_Required action_
Please reproduce the listing in its entirety, exactly as shown.

_Provided material_
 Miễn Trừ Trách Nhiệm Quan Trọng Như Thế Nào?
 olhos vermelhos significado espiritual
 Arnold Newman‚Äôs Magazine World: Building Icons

_Solution to this task_
 Miễn Trừ Trách Nhiệm Quan Trọng Như Thế Nào?
 olhos vermelhos significado espiritual
 Arnold Newman‚Äôs Magazine World: Building Icons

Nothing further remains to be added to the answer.